- Film poster
- Directed by: Dayal Padmanabhan
- Screenplay by: Dayal Padmanabhan
- Based on: Yuddham Sei (2011) by Mysskin
- Produced by: Shankar Gowda; Shankar Reddy; B. K. Mohan Kumar;
- Starring: Malashri; Ayyappa P. Sharma; Ashish Vidyarthi;
- Cinematography: Rajesh Kata
- Edited by: Sri (Crazy Mindz)
- Music by: S. N. Abhishek
- Production company: Shankar Productions
- Release date: 3 January 2014;
- Running time: 131 minutes
- Country: India
- Language: Kannada

= Gharshane =

2014 film by Dayal Padmanabhan

Gharshane is a 2014 Indian Kannada language action thriller film directed by Dayal Padmanabhan, and is a remake of the 2011 Tamil film Yuddham Sei. It stars Malashri, Ashish Vidyarthi and Ayyappa P. Sharma in the lead roles. The supporting cast features Roopika, Muni and Keerthiraj. Palaniraj received a nomination for Best Fight Choreographer at the 4th South Indian International Movie Awards.

==Production==
The film was Malashri's first outside her home banner in 14 years. The film's director Dayal Padmanabhan who also wrote the screenplay approached her to play the lead role of an investigative officer with the Central Crime Branch, Karnataka. Film director Ayyappa P. Sharma, who had formerly made cameo appearances in films, was signed to play the role of ACP Ganesh, a corrupt officer in the film. Film critic Shyam Prasad S. was roped in to pen the dialogues for the film.

===Filming===
Filming began in October 2012. Filming took place at various localities in Bangalore. The filming was completed in four schedules at various places. The song sequence for the track "Ring Aagide" was filmed at a specially erected set at Mysore Lamps Factory, in the Malleswaram suburb of Bangalore. The last sequence, of a fight was filmed in Bangalore in July 2013.

==Soundtrack==

Abhishek S. N. composed the film's background score, and the music for its soundtrack was composed by Manikanth Kadri. A remixed version of the track "Olage Seridare Gundu" was included in the album, the original of which featured in Malashri's 1989 film Nanjundi Kalyana.
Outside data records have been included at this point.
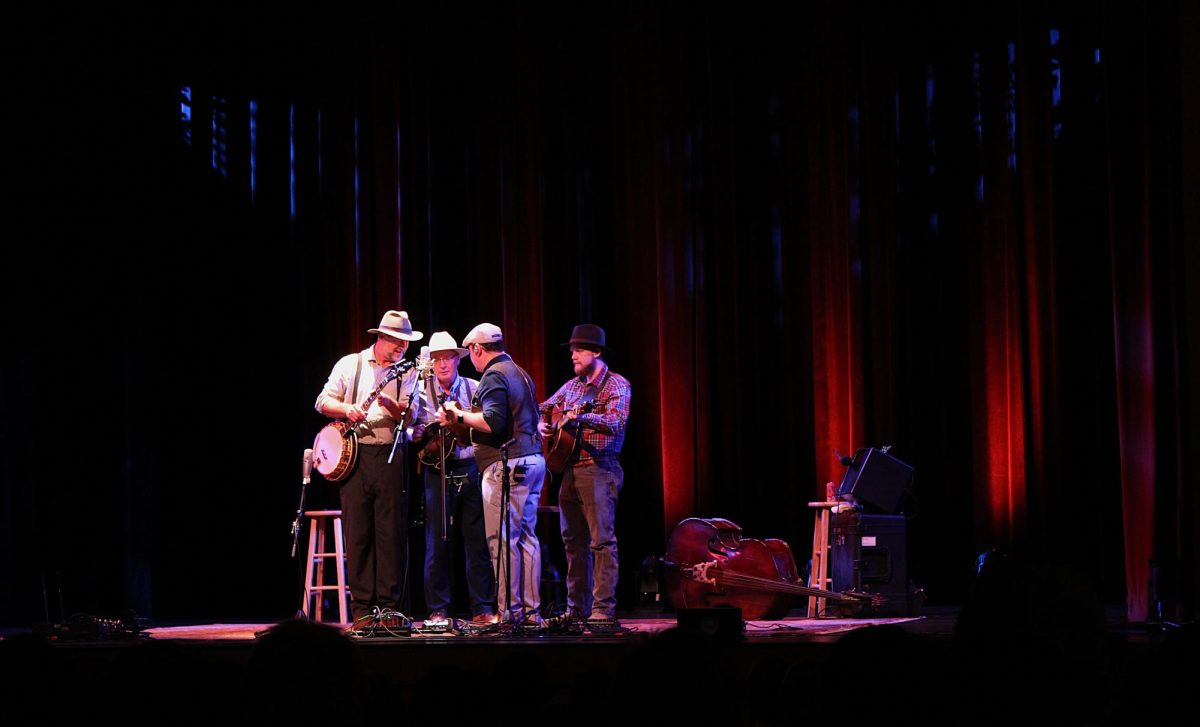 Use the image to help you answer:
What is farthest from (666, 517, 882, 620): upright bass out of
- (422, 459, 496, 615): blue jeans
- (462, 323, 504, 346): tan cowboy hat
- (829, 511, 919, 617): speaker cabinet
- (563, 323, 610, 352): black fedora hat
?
(462, 323, 504, 346): tan cowboy hat

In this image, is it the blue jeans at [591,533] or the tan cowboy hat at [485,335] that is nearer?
the blue jeans at [591,533]

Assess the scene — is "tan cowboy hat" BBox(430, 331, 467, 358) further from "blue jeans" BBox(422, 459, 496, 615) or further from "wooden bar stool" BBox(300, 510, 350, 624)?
"wooden bar stool" BBox(300, 510, 350, 624)

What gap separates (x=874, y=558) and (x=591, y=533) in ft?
7.05

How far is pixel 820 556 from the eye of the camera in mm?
8539

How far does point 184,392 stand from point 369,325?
1.52 meters

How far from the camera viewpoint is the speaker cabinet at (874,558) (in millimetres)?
8383

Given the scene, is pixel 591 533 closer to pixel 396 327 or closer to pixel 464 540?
pixel 464 540

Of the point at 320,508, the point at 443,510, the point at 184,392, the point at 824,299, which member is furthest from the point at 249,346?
the point at 824,299

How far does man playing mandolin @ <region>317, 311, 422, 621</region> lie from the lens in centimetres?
731

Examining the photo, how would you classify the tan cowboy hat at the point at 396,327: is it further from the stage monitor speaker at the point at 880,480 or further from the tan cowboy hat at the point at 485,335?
the stage monitor speaker at the point at 880,480

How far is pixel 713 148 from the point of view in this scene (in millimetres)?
9555

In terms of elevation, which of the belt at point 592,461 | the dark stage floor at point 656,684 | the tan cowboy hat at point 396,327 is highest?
the tan cowboy hat at point 396,327

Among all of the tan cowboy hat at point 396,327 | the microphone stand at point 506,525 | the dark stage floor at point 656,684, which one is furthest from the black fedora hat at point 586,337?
the dark stage floor at point 656,684

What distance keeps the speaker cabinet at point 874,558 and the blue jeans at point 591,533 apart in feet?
5.91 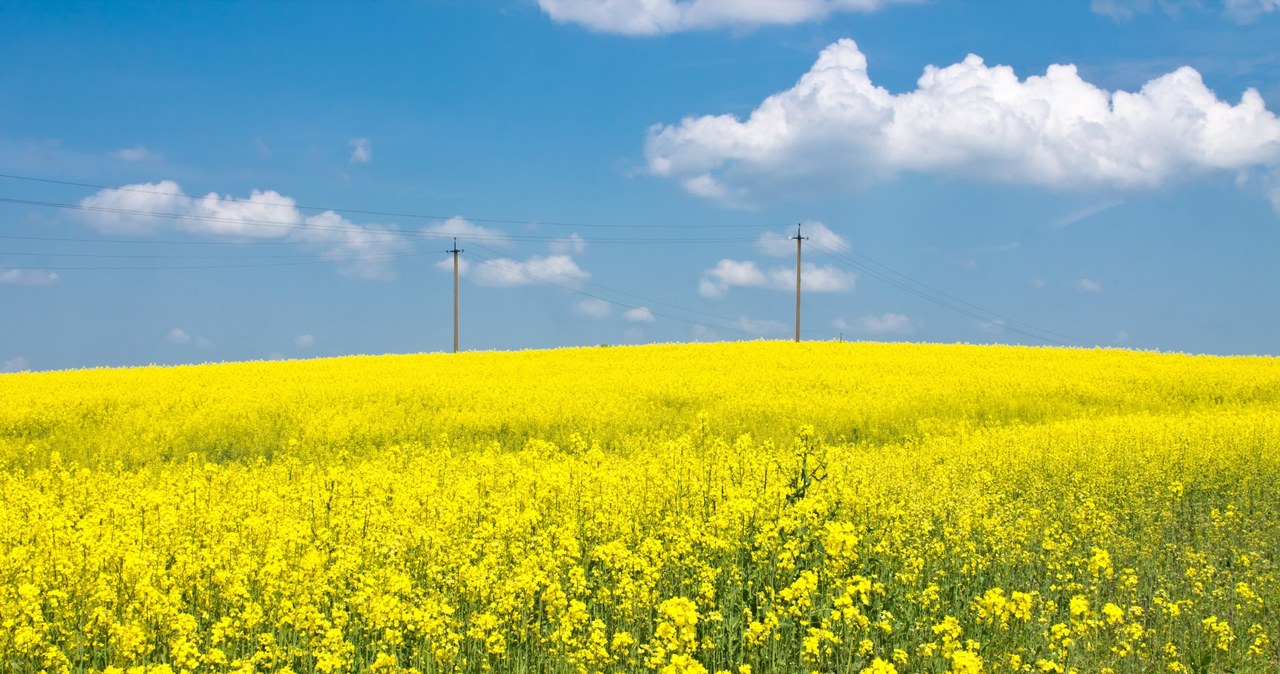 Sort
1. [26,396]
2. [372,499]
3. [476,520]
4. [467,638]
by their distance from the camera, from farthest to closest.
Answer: [26,396] < [372,499] < [476,520] < [467,638]

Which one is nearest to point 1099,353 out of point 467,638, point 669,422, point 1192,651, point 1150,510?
point 669,422

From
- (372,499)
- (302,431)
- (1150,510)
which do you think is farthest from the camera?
(302,431)

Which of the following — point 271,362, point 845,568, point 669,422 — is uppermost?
point 271,362

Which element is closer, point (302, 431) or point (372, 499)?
point (372, 499)

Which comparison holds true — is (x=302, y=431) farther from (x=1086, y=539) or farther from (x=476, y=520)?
(x=1086, y=539)

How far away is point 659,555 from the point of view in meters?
6.84

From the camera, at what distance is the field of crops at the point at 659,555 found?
5379 mm

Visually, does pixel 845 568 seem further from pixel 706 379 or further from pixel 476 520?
pixel 706 379

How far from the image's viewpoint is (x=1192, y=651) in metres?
6.27

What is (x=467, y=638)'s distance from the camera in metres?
5.94

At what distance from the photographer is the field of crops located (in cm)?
538

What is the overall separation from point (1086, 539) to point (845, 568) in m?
4.10

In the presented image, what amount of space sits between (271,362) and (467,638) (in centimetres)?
3343

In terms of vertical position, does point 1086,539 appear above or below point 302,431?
below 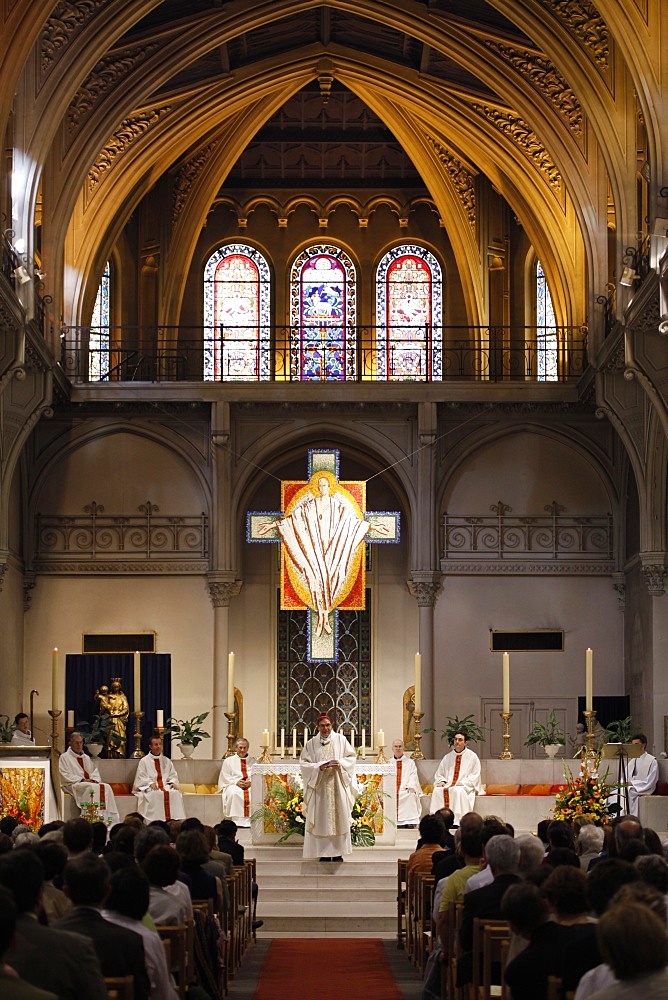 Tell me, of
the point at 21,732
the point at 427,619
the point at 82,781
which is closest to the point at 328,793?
the point at 82,781

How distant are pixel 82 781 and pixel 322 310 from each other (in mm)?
12483

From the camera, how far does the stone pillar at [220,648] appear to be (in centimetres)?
2352

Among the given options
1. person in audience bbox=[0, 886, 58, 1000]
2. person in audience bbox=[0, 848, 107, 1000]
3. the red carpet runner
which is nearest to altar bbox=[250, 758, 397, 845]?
the red carpet runner

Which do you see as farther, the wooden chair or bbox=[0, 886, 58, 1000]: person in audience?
the wooden chair

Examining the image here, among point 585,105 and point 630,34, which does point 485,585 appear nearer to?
point 585,105

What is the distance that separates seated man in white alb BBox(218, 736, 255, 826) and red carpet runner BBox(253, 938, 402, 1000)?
142 inches

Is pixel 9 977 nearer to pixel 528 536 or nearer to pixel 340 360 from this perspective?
pixel 528 536

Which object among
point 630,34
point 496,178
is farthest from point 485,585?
point 630,34

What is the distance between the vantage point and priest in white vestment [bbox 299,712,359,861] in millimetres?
16688

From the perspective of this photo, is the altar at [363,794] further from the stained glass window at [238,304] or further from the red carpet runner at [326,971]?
the stained glass window at [238,304]

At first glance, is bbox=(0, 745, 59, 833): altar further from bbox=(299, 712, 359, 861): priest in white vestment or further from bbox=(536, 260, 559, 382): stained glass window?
bbox=(536, 260, 559, 382): stained glass window

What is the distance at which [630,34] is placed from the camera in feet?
59.4

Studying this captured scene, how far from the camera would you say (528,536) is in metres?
24.5

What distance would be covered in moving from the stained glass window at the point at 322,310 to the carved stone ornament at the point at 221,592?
484 centimetres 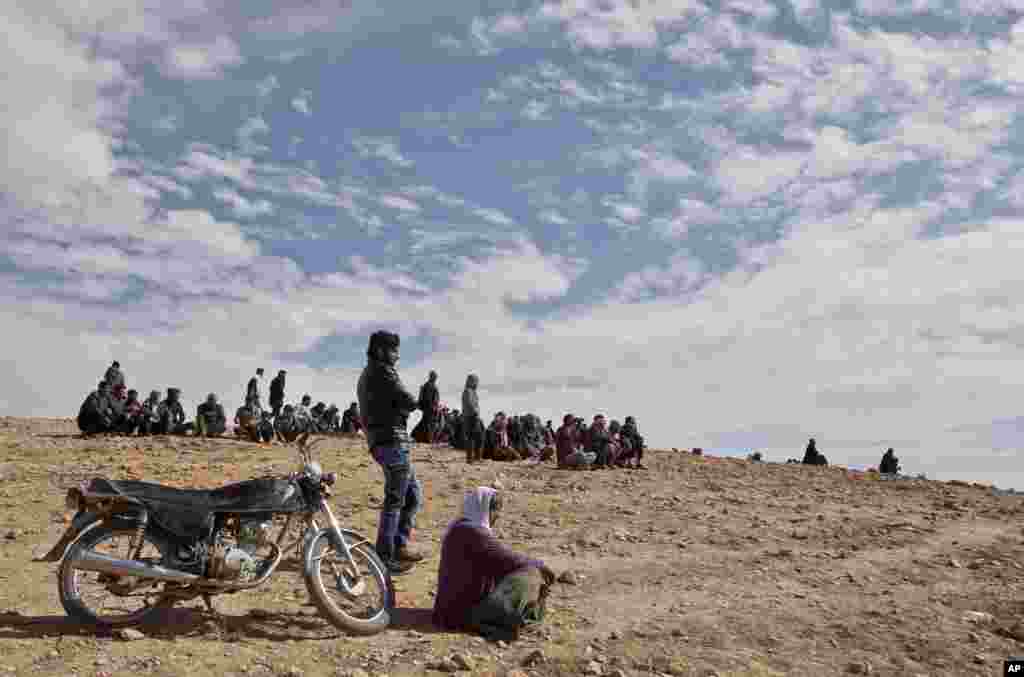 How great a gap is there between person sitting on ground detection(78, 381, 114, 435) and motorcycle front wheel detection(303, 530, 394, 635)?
18945mm

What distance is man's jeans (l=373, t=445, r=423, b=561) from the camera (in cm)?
783

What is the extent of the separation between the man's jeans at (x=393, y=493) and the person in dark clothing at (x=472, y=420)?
1221 cm

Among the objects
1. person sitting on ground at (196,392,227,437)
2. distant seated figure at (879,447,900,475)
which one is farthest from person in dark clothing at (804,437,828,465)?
person sitting on ground at (196,392,227,437)

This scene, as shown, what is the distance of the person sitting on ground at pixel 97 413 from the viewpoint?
22.7m

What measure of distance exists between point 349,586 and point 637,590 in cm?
339

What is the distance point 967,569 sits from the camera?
10.4 meters

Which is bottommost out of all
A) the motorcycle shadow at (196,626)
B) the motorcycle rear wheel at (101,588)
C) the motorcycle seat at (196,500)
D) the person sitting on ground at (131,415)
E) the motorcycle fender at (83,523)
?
the motorcycle shadow at (196,626)

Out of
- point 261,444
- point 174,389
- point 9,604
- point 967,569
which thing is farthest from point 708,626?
point 174,389

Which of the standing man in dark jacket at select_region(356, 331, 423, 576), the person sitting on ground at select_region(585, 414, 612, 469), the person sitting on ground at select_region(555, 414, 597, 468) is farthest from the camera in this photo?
the person sitting on ground at select_region(585, 414, 612, 469)

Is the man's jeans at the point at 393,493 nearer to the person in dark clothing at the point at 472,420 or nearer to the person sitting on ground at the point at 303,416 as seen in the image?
the person in dark clothing at the point at 472,420

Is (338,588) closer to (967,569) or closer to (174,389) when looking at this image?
(967,569)

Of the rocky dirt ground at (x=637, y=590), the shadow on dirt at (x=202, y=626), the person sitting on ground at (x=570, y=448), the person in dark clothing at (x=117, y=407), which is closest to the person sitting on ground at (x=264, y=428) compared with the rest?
the person in dark clothing at (x=117, y=407)

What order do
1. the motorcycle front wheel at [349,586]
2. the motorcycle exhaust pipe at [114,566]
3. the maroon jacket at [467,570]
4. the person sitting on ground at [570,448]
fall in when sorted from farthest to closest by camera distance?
the person sitting on ground at [570,448]
the maroon jacket at [467,570]
the motorcycle front wheel at [349,586]
the motorcycle exhaust pipe at [114,566]

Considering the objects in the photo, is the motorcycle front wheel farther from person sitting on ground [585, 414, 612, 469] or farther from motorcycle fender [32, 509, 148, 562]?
person sitting on ground [585, 414, 612, 469] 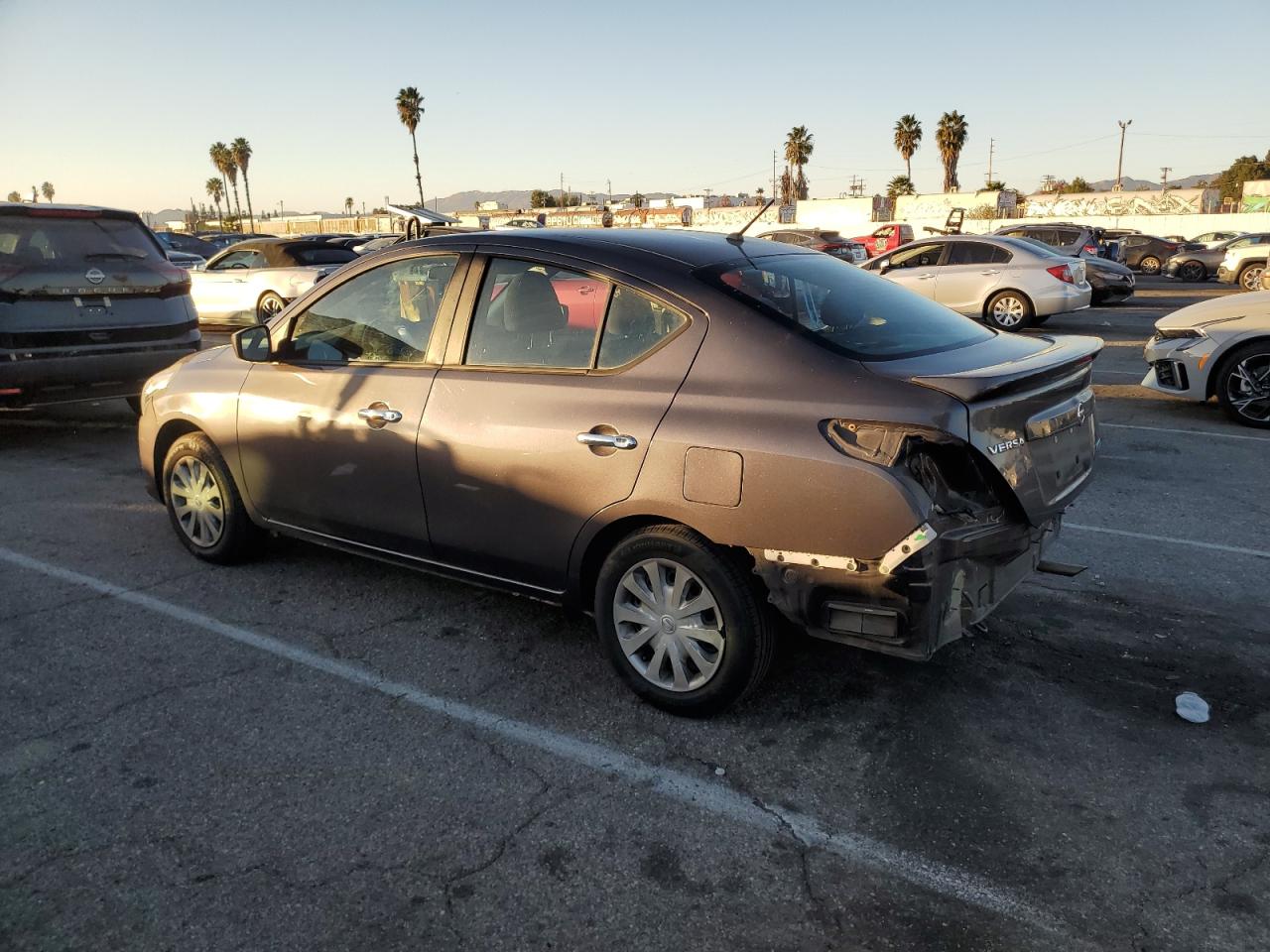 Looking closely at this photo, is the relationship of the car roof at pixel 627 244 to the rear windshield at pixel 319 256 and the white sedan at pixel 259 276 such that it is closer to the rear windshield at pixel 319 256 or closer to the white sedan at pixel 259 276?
the white sedan at pixel 259 276

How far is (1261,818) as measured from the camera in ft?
9.32

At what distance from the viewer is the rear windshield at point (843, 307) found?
3.34 metres

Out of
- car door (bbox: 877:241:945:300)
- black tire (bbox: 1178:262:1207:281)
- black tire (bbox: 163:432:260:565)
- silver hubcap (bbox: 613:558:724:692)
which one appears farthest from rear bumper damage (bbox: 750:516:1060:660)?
black tire (bbox: 1178:262:1207:281)

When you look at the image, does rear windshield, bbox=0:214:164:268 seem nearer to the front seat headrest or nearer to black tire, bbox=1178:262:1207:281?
the front seat headrest

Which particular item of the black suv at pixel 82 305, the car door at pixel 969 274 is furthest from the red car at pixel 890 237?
the black suv at pixel 82 305

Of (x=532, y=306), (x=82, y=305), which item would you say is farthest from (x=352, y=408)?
(x=82, y=305)

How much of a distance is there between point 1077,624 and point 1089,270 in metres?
16.3

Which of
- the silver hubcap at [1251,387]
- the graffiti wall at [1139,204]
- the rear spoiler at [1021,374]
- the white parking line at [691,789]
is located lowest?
the white parking line at [691,789]

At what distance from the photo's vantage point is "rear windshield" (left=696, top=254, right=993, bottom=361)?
334cm

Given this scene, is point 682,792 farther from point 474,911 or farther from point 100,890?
point 100,890

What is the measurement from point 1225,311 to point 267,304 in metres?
12.4

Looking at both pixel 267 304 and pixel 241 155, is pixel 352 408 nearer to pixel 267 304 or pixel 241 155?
pixel 267 304

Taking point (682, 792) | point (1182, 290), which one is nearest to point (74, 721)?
point (682, 792)

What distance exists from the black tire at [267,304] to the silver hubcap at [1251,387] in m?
12.1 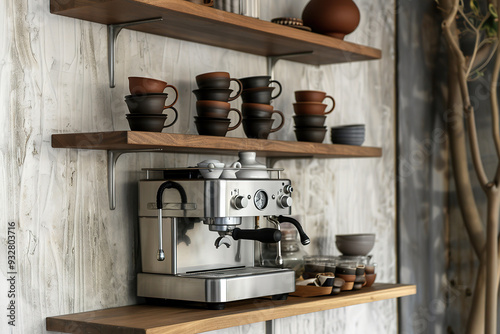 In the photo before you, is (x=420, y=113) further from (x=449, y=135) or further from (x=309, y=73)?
(x=309, y=73)

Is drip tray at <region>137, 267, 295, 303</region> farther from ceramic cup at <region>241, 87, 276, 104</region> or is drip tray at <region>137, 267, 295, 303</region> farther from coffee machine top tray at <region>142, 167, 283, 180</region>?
ceramic cup at <region>241, 87, 276, 104</region>

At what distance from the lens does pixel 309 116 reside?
2.24 meters

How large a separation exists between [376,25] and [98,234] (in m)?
1.58

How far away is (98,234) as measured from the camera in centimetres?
186

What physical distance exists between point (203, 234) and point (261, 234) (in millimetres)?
195

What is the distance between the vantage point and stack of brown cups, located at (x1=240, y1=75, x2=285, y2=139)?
2043 mm

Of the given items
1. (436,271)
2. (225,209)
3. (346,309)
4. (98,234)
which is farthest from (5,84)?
(436,271)

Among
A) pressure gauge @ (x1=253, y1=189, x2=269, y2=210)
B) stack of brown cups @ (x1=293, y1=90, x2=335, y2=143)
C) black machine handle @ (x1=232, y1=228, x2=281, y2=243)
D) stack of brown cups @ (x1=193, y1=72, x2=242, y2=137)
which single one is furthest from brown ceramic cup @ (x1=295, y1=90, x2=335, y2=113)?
black machine handle @ (x1=232, y1=228, x2=281, y2=243)

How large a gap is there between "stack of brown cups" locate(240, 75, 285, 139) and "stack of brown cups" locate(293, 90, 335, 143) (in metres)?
0.20

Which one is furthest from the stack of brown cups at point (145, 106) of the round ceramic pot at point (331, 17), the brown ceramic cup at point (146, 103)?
the round ceramic pot at point (331, 17)

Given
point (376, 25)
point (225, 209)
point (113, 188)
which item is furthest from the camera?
point (376, 25)

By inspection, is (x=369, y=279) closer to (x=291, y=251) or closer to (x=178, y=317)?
(x=291, y=251)

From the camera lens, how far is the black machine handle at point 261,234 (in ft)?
5.74

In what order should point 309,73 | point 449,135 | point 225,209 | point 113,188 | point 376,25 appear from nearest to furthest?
point 225,209 → point 113,188 → point 309,73 → point 376,25 → point 449,135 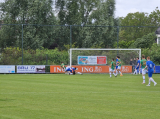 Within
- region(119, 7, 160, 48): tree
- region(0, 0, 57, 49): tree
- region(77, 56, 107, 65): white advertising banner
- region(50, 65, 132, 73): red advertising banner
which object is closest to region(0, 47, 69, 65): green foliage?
region(50, 65, 132, 73): red advertising banner

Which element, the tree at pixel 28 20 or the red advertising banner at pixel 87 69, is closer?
the red advertising banner at pixel 87 69

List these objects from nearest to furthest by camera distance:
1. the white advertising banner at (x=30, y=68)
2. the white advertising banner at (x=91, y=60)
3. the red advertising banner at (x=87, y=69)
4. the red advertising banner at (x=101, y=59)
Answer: the white advertising banner at (x=30, y=68) < the white advertising banner at (x=91, y=60) < the red advertising banner at (x=87, y=69) < the red advertising banner at (x=101, y=59)

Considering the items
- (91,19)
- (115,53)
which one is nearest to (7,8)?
(91,19)

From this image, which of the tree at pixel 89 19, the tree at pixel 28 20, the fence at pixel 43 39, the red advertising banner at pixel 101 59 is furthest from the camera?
the tree at pixel 89 19

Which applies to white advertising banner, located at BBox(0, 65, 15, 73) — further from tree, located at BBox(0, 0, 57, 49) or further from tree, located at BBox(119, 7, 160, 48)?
tree, located at BBox(119, 7, 160, 48)

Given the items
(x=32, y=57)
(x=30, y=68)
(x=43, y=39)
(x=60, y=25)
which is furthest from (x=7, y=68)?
(x=43, y=39)

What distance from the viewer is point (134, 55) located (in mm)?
40625

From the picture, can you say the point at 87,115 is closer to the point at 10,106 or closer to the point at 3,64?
the point at 10,106

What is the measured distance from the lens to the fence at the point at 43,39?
3975 cm

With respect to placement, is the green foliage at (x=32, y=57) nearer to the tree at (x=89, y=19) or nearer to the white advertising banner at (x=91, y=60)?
the white advertising banner at (x=91, y=60)

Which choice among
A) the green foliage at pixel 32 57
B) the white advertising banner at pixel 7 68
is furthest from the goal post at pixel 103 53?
the white advertising banner at pixel 7 68

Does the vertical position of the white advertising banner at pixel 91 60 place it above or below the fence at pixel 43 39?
below

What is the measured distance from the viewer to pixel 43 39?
46844 millimetres

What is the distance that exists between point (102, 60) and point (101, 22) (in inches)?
562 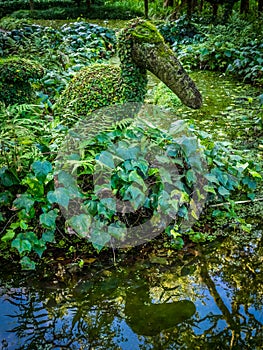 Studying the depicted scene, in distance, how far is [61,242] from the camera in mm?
2850

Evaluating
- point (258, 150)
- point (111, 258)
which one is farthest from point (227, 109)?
point (111, 258)

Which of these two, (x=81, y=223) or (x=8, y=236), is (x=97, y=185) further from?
(x=8, y=236)

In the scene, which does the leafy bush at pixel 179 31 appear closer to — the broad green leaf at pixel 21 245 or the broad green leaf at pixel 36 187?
the broad green leaf at pixel 36 187

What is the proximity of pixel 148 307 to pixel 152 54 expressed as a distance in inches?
71.3

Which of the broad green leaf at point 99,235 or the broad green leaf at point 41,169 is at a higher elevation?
the broad green leaf at point 41,169

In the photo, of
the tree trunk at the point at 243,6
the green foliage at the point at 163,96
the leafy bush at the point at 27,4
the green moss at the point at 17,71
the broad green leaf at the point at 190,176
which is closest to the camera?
the broad green leaf at the point at 190,176

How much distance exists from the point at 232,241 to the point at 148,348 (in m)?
1.10

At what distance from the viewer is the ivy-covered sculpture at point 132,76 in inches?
125

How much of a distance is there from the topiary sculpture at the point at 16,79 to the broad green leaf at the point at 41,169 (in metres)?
1.61

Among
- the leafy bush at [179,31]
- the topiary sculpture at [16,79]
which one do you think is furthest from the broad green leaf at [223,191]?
→ the leafy bush at [179,31]

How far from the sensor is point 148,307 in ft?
7.74

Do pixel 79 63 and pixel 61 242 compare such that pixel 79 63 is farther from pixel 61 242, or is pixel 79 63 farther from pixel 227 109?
pixel 61 242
Lyrics for the remaining three tracks of the four-track album were penned by Abhishek S. N. and Shastry.

Track listing
| No. | Title | Lyrics | Music | Singer(s) | Length |
|---|---|---|---|---|---|
| 1. | "Olage Seridare" (Remix) | Bhangi Ranga | Upendra Kumar | Manjula Gururaj | 4:00 |
| 2. | "Ring Aagide" | Shastry | Manikanth Kadri | Priya Himesh, Naveen Madhav, Santhosh Venky, Sriraksha | 4:26 |
| 3. | "Gharshane" | S. N. Abhishek | Manikanth Kadri | Abhishek S. N. | 2:51 |
| 4. | "Hey Aakarshane" | S. N. Abhishek | Manikanth Kadri | Bharath B. J. | 1:55 |
| Total length: |  |  |  |  | 13:12 |

===Critical reception===
Kavya Christopher of The Times of India reviewed the album and gave it a 2.5/5 rating, and wrote, "The song [Olage Seridare], rendered by Manjula Gururaj retains the oomph of the original while aiming to top the charts in its remixed avatar." and concluded writing, "It's clearly a no frills attached album".

==Release and reception==
The film was given the "U/A" (Parental guidance) certificate by the Regional Censor Board. Following this, 27 December 2013, was set as the tentative release date by the makers. However, it released theatrically on 3 January 2014.

Upon release, the film opened to mixed reviews from critics. The Times of India in its review rated the film three out of five and wrote, "With a neat script and narration, the director has done a good job of the story that keeps you gripped to the seat. While the first half is a bit confusing with too many characters, the second half compensates for it with neat narration." The performances of Malashri, Vidyarthi, Muni and Ayyappa were praised. Sridhar Vivan of Bangalore Mirror wrote, "The film scores on two things: gripping narration and a taut screenplay." However he felt that the song and fight sequences were "unnecessary" and "out of place". Sify.com in its review called the film "average" and wrote of Malashri's performance that she plays the "cop role to its perfection". The screenplay and narration of the film were also praised. However, the reviewer felt that stunts and song sequences were out of place. B. S. Srivani of Deccan Herald rated the film 2/5 and credited the film's cinematography and the acting performances, and criticized its music.